Es difícil conciliar estos dos conceptos. ¿Cómo cultivar el primero sin desairar al prójimo que cree en nuestros méritos? ¿Cómo aceptar el segundo sin asomo de la abominable vanidad? Hay que creer en que es posible un equilibrado balance entre el sentido del deber y las capacidades propias. Escribo estas palabras con el soterrado prurito del pudor, aquel que se moviliza cuando nos referimos a un ente que somos nosotros mismos. La impronta del yo es indispensable, pero al mismo tiempo, unos pareceres de poderoso perfil comunitario desplazan al yo.
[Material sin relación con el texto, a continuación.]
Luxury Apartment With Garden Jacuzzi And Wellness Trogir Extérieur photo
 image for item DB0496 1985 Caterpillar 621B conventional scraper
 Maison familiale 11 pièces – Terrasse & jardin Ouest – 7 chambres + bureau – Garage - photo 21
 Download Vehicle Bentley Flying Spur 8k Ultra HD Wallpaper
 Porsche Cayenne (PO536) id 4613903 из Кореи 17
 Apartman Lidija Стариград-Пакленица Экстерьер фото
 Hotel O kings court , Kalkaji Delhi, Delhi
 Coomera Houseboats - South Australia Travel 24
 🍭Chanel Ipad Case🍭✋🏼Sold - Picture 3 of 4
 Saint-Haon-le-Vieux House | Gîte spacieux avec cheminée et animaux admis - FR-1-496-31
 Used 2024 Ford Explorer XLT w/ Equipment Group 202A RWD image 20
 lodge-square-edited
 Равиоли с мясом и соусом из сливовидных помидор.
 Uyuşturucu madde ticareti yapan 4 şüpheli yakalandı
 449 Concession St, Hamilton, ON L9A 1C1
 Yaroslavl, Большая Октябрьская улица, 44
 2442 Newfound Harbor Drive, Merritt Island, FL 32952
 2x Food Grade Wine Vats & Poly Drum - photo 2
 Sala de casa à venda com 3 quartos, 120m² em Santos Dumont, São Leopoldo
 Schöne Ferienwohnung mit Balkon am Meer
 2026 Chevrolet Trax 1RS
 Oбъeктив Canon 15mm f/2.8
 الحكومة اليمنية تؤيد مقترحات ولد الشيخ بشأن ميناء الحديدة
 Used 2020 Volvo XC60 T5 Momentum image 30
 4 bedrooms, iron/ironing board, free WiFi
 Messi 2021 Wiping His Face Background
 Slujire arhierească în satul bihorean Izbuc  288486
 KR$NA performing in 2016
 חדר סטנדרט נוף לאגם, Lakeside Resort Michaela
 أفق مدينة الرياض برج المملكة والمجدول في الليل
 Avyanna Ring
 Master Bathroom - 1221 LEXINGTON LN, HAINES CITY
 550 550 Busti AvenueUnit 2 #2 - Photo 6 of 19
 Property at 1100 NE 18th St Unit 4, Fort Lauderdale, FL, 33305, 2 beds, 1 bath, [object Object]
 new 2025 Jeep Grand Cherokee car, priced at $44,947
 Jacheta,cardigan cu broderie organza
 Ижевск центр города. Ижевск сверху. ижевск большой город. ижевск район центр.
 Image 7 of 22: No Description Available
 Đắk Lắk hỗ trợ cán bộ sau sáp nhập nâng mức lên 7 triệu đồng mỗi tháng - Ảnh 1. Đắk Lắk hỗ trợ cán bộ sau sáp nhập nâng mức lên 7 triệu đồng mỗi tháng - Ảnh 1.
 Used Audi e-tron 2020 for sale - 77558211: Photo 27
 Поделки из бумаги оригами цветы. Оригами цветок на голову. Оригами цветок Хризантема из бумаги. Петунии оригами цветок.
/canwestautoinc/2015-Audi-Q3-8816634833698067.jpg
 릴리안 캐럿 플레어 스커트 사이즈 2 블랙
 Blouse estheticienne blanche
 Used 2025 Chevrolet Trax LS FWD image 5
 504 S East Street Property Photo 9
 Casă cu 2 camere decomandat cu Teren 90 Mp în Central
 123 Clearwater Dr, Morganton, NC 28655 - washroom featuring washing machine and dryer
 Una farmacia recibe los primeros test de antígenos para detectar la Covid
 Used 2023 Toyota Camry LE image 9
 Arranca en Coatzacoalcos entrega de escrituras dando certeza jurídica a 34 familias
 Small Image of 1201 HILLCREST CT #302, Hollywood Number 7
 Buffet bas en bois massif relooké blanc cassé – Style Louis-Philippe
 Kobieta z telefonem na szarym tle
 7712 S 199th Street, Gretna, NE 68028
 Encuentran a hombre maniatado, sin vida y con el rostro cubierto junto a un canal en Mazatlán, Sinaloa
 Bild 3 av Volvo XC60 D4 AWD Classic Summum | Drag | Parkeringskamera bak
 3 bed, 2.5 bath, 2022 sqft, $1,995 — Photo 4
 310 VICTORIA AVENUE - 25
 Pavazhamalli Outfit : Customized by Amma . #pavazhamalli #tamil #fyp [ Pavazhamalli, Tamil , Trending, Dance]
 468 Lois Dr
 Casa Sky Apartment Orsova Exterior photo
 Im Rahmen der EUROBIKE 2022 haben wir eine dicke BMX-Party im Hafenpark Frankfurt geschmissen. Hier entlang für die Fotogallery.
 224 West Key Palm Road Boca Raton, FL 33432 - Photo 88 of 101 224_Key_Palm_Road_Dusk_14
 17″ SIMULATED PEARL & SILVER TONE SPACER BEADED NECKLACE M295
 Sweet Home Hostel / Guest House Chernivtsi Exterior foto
Vengo de saborear numerosas muestras de gratitud. El querido claustro en el que estudié y en el que laboré hasta el año pasado creyó adecuado homenajearnos a mi colega Cecilia Vera de Gálvez y a mí, en un acto conjunto en el cual brilló por encima de todo la palabra. Porque hubo una puesta en común de palabras de muchas bocas que se fueron al pasado y encontraron hechos dignos de ser evocados en estos momentos, cuando el tiempo de clausura nos recuerda que somos seres caducables y finitos, que precisamente ya educamos a suficientes seguidores para tomar la posta del camino.

Lo digno de mayor mención es que trabajamos con la literatura. Invitamos a varias generaciones de jóvenes a leer de “determinada manera”, algunos desde esa plataforma dieron el paso a producir sus propios materiales creativos. La cita dentro del aula introdujo una llama que consiguió prender a muchos (jamás la mayoría, no me engaño) en el fuego inextinguible de una revelación medular: que la vida contenida en el idioma replica la realidad y la recrea, la levanta, la reconstruye en aras de la imaginación para hacer posible otros mundos, otra clase de seres humanos. La palabra lírica ahoga al poeta en sus azares interiores y lo impulsa a un derrame en que nos reconocemos todos.

Conseguir que esas experiencias sean sentidas y comprendidas por los estudiantes estuvo en una de las metas de nuestro quehacer. Pero también conseguimos romper el cerco del aula y salir a codearnos con la comunidad: la palabra se concentra en libros, los libros necesitan editoriales; las editoriales, promoción; los escritores requieren de lectores y vitrina; todo eso se encadenó en una serie de acciones que con el pasar de los años se dio en llamar “gestión cultural”. Y las instituciones entraron en diálogo para acoger las iniciativas de distinto origen. En eso nos hallamos, en la lucha por aunar fuerzas, por acercarnos y no de rivalizar.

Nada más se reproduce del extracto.